From the listing below, please restate exactly the lines beginning at the one with "benjamin_isaac online show" and ending at the one with "5992 Stone Bridge Road Santa Rosa CA 95409", both included, and skip the pictures.

- [EXERCISE INPUT]
————

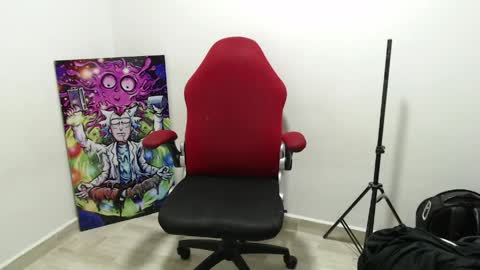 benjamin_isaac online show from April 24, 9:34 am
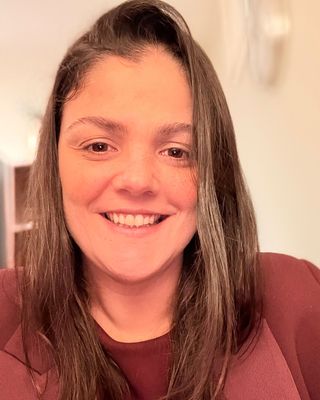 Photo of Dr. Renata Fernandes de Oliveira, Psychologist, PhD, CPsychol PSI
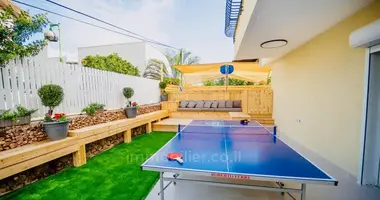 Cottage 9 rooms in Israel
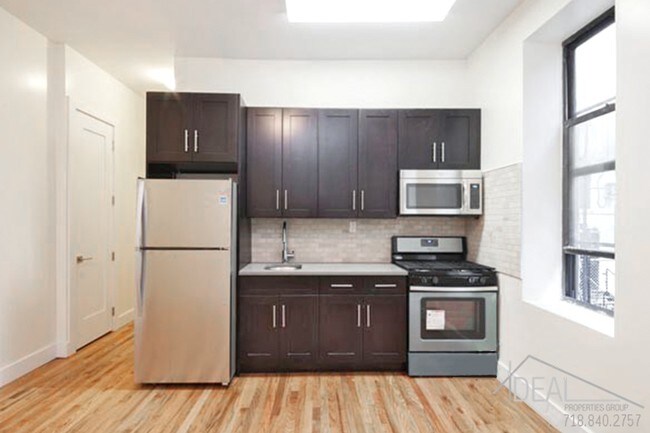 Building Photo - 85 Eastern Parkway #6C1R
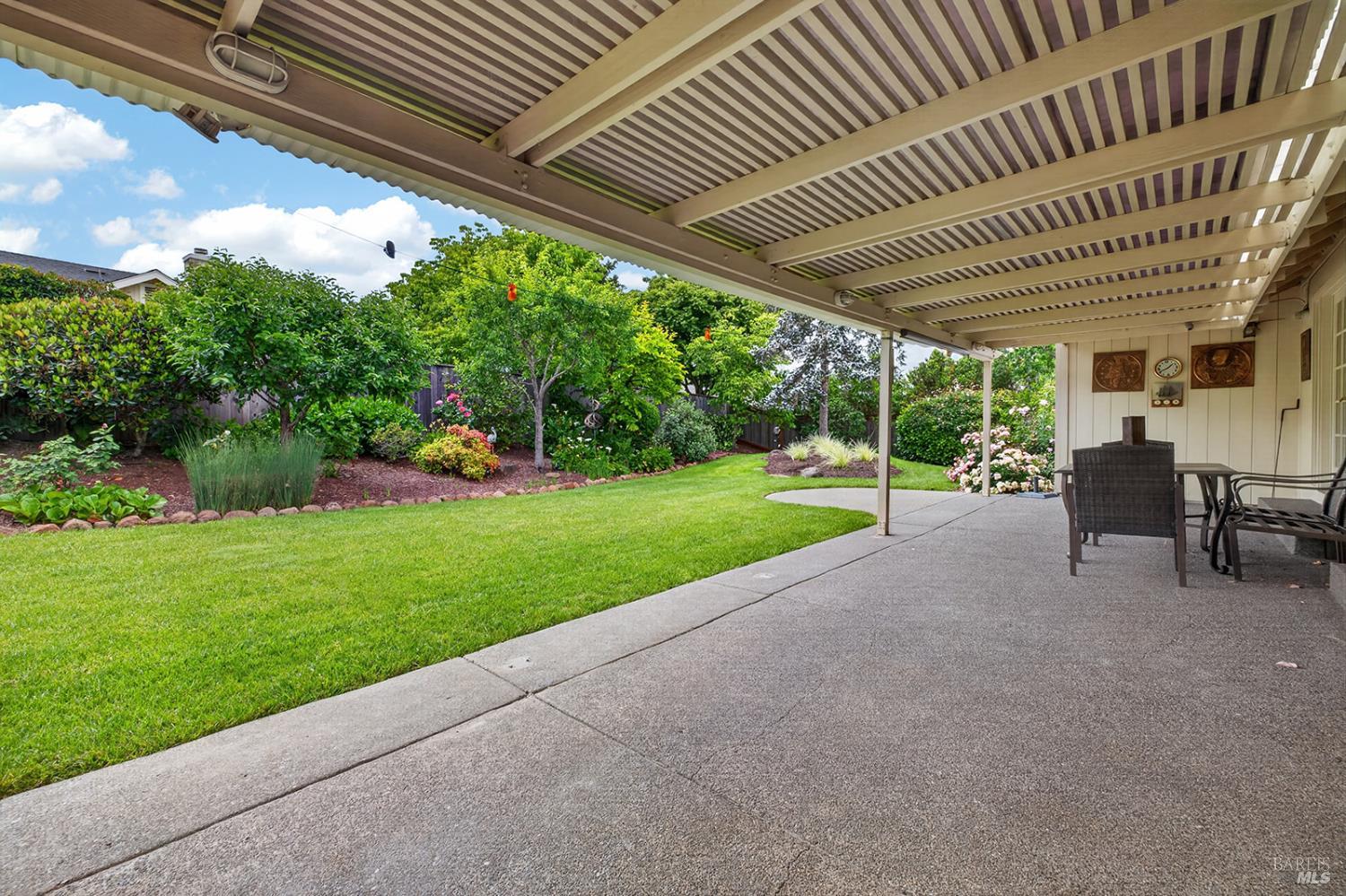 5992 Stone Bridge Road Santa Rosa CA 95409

————

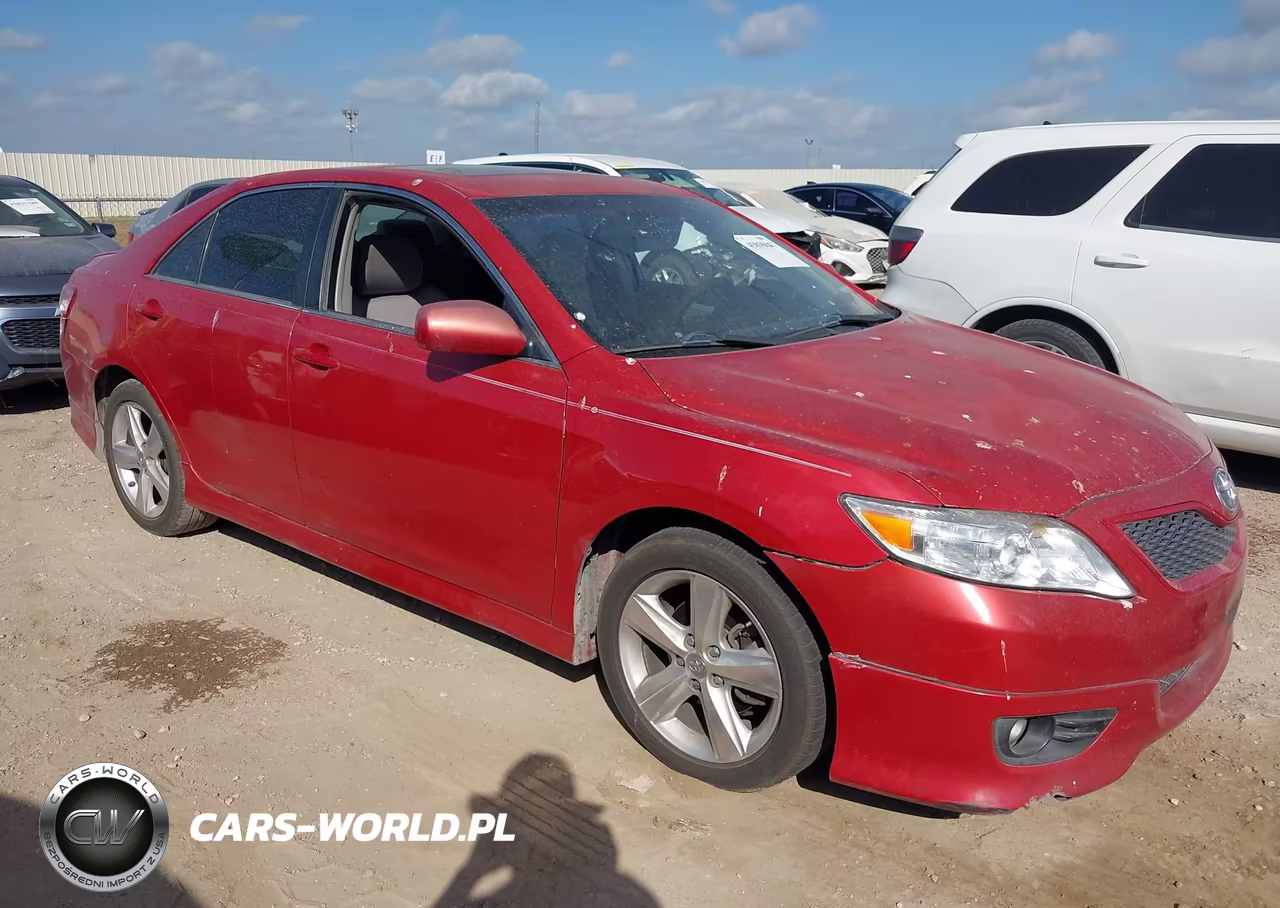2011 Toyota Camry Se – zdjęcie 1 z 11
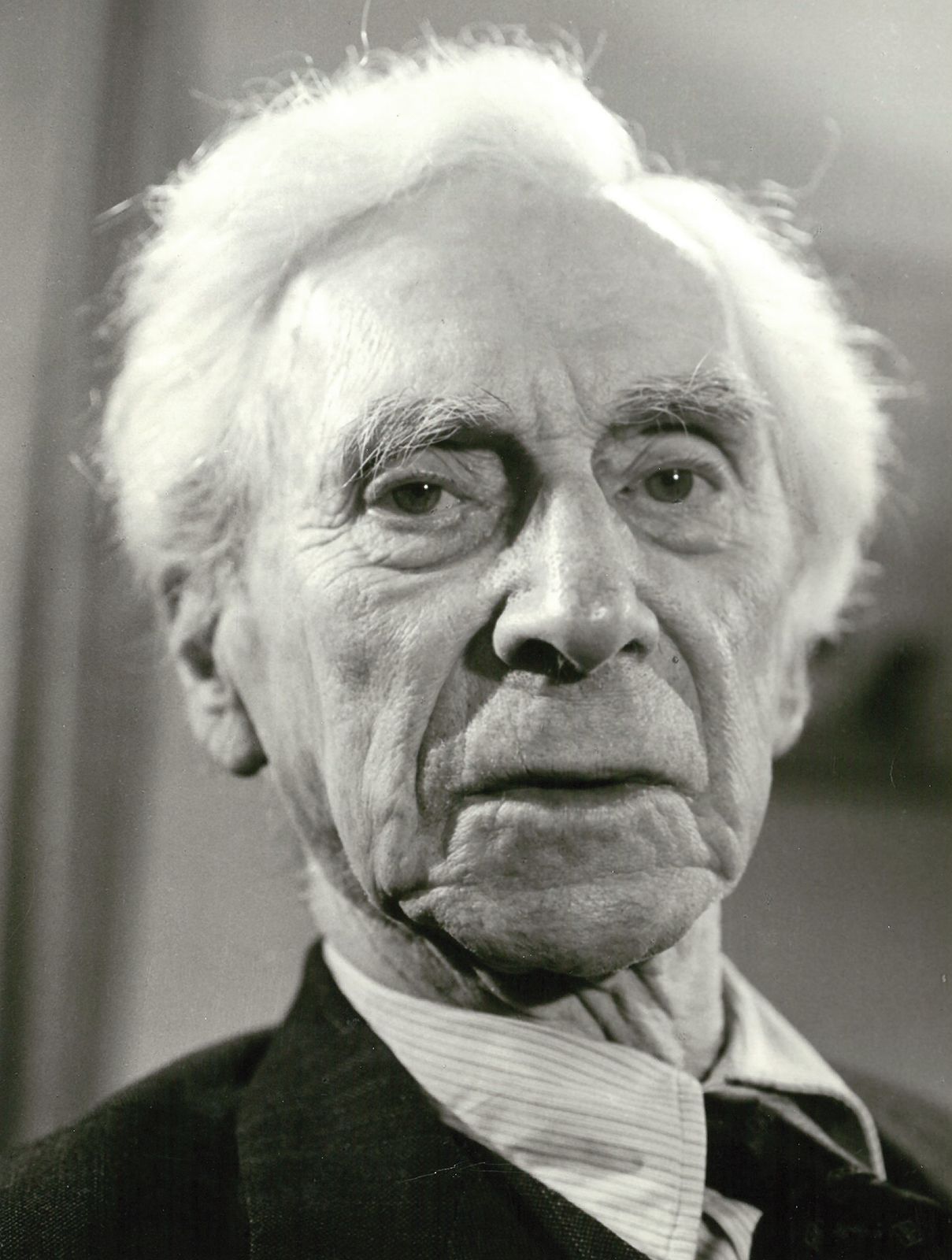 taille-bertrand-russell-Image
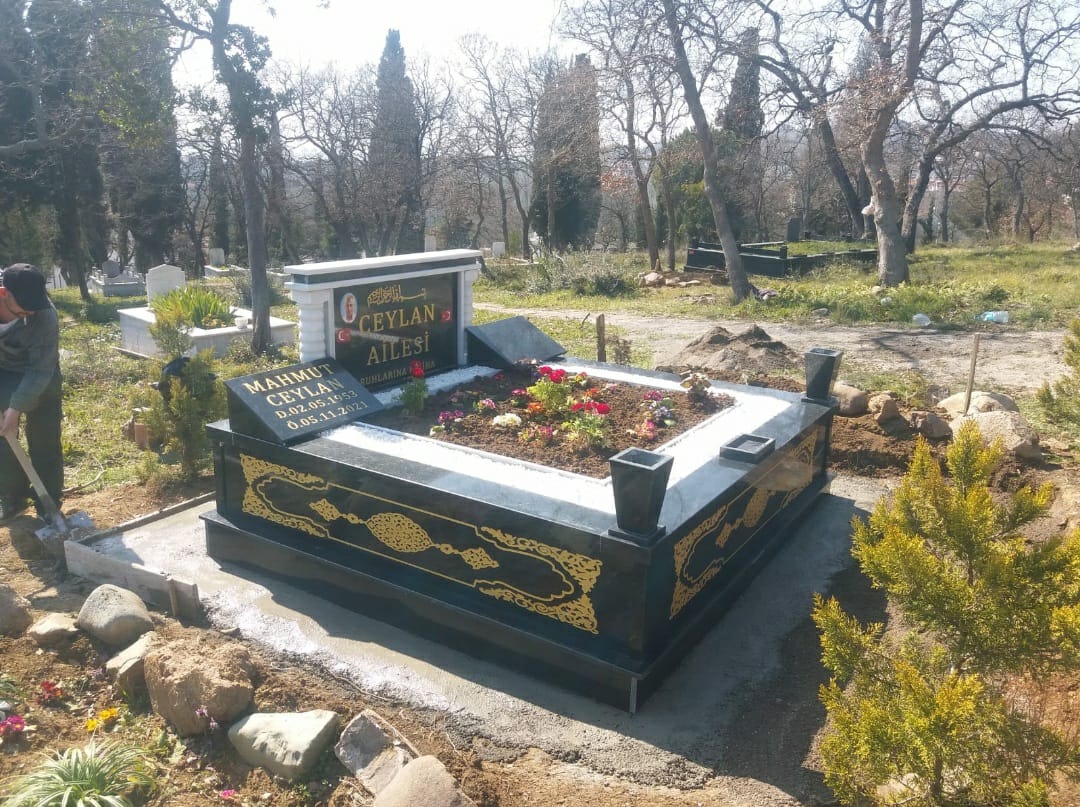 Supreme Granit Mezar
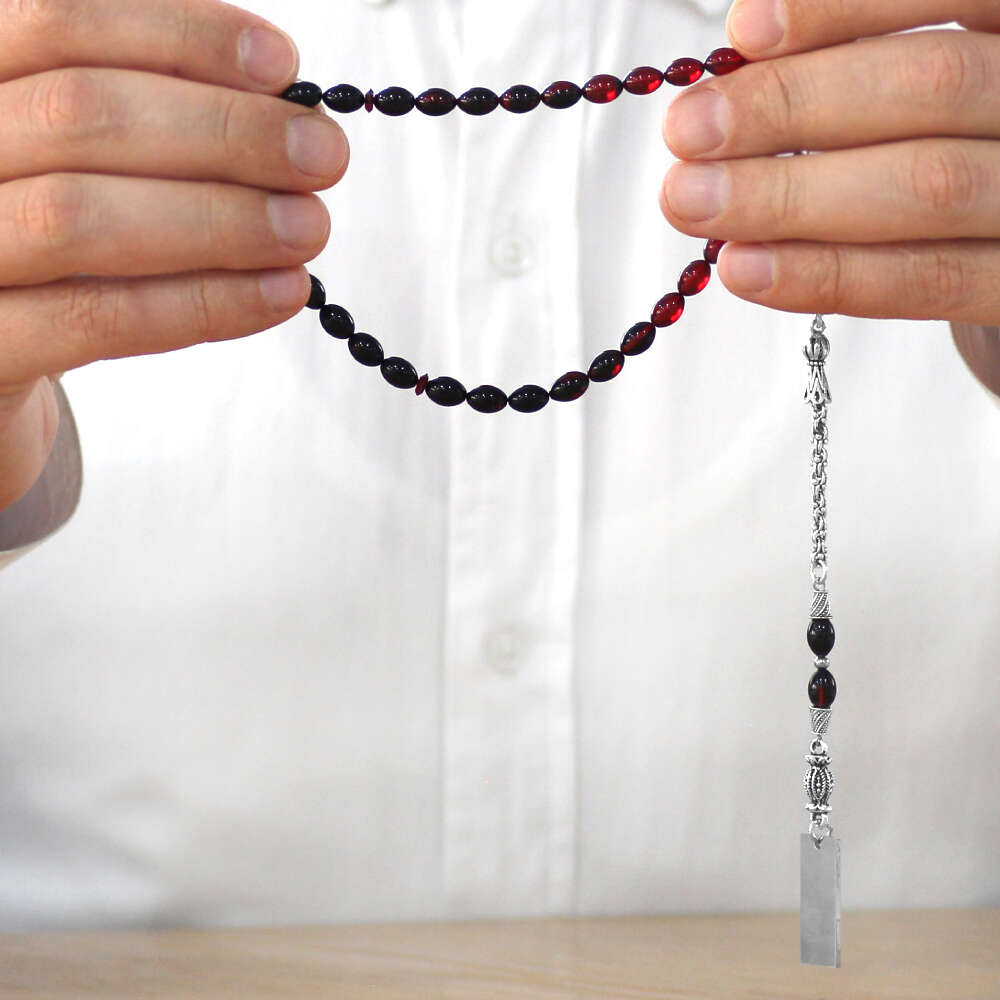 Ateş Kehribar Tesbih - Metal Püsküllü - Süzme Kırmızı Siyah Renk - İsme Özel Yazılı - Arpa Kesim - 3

————

- [EXERCISE ANSWER]
 benjamin_isaac online show from April 24, 9:34 am
 Photo of Dr. Renata Fernandes de Oliveira, Psychologist, PhD, CPsychol PSI
 Cottage 9 rooms in Israel
 Building Photo - 85 Eastern Parkway #6C1R
 5992 Stone Bridge Road Santa Rosa CA 95409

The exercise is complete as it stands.